According to UC Davis Health, it lists one common theory is that immune systems continue to overreact even though the infection has passed.
This research is still ongoing for reasons why this may be happening.
5 On Your Side’s Justina Coronel asks Dr. Steffen, “Do we know how long they may be dealing with this?”
Dr. Steffen’s response, “You know that research is still continuing now and and we really don’t have the end point to this. It’s still in its early stages.”
But she does have answers on how to help.
Dr. Steffens says you can pace yourself, which means don’t do too much or too little. You can also create better sleeping habits and play memory games.

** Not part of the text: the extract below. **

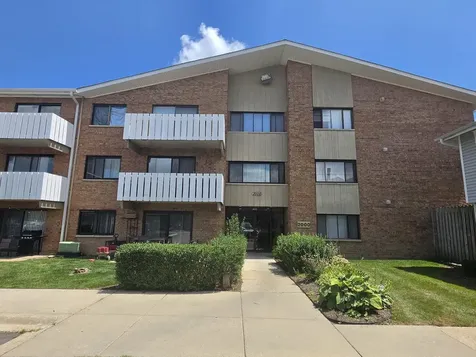 2000 Bayside Drive Palatine IL 60074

Just like many others, Grobe now waits for a full recovery.
After getting the vaccine recently, she’s even more motivated to overcome this virus once and for all.
“It kind of like felt like winning the lottery,” she adds.
The UMSL rehabilitation program for COVID-19 survivors is now open to anyone 18 years and older.
If you’re interested, you can call 314-516-5771.
One of the staff members will then guide you to the best treatment option.
The program is doing one-on-one sessions with clinicians to develop an individualized treatment.
It also has a group that meets once a month to connect long haulers to discuss similar experiences.